RVing the Oregon coast is a delight



    By Chuck Woodbury
    The Oregon coast is one of the most beautiful places in America and easy to explore with an RV. The pavement is good, there’s not much traffic (except in peak tourist season) and there are many wonderful state park campgrounds (most with hookups and spacious sites for large RVs). 
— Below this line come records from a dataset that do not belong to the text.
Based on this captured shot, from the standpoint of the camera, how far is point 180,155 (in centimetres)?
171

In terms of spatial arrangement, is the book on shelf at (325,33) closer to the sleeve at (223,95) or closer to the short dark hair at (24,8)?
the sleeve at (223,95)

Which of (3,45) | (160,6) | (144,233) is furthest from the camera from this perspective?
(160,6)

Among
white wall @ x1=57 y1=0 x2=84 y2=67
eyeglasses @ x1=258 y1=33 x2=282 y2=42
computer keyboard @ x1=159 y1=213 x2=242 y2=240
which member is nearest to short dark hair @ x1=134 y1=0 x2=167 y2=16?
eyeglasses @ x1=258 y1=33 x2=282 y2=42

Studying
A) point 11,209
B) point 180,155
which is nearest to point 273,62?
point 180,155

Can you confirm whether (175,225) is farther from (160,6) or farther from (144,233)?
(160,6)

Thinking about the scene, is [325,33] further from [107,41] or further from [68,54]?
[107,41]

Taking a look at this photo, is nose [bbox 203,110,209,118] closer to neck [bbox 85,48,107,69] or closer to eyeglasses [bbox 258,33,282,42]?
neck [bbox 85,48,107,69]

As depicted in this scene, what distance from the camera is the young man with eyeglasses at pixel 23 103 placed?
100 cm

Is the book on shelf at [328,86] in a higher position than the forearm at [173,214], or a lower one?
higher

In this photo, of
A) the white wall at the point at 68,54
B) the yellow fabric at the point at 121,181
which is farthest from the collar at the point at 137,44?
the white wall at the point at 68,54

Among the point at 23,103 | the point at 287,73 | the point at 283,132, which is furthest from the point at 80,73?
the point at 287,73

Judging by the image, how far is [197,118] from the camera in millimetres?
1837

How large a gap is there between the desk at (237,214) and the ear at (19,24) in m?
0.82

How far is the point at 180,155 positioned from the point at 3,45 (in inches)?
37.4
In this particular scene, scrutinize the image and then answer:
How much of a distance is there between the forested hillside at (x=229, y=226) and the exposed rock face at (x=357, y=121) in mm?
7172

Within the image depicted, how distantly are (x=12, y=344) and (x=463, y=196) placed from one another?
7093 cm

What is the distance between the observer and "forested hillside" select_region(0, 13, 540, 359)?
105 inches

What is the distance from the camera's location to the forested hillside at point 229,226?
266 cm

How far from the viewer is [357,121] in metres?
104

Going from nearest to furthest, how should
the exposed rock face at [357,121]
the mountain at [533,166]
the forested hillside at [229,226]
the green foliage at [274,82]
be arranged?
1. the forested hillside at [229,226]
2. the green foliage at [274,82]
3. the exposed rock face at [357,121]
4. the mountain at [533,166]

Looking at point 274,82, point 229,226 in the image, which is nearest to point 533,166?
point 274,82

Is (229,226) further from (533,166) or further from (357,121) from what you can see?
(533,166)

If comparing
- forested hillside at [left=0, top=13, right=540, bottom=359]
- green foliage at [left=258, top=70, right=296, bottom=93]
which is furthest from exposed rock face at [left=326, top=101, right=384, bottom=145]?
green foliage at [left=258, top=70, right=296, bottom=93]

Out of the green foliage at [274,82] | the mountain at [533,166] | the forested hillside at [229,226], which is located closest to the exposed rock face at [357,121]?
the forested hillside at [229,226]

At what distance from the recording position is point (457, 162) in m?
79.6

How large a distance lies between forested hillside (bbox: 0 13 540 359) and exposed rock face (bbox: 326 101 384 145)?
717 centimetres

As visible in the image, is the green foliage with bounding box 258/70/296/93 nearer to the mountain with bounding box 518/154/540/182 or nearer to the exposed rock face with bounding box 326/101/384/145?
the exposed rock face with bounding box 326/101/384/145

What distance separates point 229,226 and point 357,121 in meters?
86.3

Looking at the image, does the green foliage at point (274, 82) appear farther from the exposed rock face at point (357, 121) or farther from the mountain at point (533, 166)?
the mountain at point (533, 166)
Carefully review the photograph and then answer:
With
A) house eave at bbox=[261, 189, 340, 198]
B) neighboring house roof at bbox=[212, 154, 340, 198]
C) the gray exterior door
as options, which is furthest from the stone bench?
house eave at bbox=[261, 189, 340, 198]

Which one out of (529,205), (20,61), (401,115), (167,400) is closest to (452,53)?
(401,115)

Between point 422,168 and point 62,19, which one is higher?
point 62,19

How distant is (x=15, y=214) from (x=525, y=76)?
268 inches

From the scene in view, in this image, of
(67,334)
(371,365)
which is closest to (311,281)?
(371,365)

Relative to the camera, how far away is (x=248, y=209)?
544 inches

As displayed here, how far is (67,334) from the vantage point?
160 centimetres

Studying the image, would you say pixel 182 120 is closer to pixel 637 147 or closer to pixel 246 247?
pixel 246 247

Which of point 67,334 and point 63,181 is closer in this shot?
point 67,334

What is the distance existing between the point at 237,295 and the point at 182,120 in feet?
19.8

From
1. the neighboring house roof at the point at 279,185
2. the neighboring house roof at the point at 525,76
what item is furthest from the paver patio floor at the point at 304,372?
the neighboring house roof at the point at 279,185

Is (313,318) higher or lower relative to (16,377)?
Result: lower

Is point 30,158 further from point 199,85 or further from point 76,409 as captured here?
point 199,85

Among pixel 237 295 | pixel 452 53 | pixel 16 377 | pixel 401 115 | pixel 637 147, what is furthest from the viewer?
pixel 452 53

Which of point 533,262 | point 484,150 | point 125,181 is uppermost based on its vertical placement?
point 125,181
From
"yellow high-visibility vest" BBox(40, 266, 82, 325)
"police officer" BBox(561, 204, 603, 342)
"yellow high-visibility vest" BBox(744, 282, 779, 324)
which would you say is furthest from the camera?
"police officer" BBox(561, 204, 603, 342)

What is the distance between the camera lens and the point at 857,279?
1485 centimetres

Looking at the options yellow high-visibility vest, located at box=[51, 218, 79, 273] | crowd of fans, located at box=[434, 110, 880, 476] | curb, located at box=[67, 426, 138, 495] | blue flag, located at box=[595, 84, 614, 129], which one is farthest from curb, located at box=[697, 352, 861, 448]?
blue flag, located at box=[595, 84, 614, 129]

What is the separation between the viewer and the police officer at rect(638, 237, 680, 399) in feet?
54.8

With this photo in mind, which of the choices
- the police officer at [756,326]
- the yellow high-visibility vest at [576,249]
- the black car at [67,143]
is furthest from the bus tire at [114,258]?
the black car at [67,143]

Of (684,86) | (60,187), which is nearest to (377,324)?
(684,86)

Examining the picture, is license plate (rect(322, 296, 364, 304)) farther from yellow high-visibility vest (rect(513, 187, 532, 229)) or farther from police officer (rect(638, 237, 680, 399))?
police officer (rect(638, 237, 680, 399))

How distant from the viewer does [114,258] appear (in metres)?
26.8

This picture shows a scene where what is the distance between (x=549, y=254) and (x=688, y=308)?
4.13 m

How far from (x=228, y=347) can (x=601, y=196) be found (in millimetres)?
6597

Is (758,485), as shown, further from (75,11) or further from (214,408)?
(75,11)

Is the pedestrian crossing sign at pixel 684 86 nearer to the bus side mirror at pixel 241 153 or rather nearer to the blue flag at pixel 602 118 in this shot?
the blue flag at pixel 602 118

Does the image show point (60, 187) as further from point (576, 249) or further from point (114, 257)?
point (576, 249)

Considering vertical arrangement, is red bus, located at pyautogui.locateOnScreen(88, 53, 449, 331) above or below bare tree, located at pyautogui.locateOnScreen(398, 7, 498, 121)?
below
    U.S. Highway 101 hugs the ocean shore often, and everywhere you turn there’s a state park or U.S. Forest Service campground (some a short walk from the beach). There are many attractions along the way (besides the magnificent beaches). Visit the Sea Lion Caves near Florence or the funky tourist shops in Seaside. Drop by the library in Brookings to see a sword worn by a Japanese aviator who flew a single engine plane, launched from a submarine, into the area during World War II and dropped a few bombs (with fizzling results). It was the only attack on the U.S. mainland during the war by enemy aircraft.

    Visit the little town of Bandon, where brave souls gather in winter to experience the often foul weather at the “Storm Watching Capital of the Oregon Coast.” Walk to the nearby lighthouse for some wonderful photo opportunities.

    In Newport, visit the incredible aquarium or indulge in great clam chowder at the legendary Mo’s, right on the wharf. Farther north, pause in Tillamook at its famous cheese factory and partake of the tasty free samples. Near the northern tip of the Oregon coast, visit a replica of Fort Clatsop, where explorers Lewis and Clark spent a soggy winter.

    What I like a lot about the Oregon coast (besides its wonderful state parks and campgrounds) are the countless pullouts along the highway where you can park and then stroll to the beach. In the Lincoln City area, keep an eye out for volleyball-sized glass floats that once supported the fishing nets of Japanese fisherman, but broke loose and in most cases drifted at sea for a decade before washing up on shore. It’s rare to find one these days, but the local chamber of commerce plants a couple of thousand small reproductions each year as a publicity gimmick.

    Sad to say that what IS easy to find these days on the beach is debris from the tsumani in Japan in 201 . Bring along a trash bag and pick some up. Or collect a bunch of little plastic pieces like I found and assemble them into a work of art. (see photo).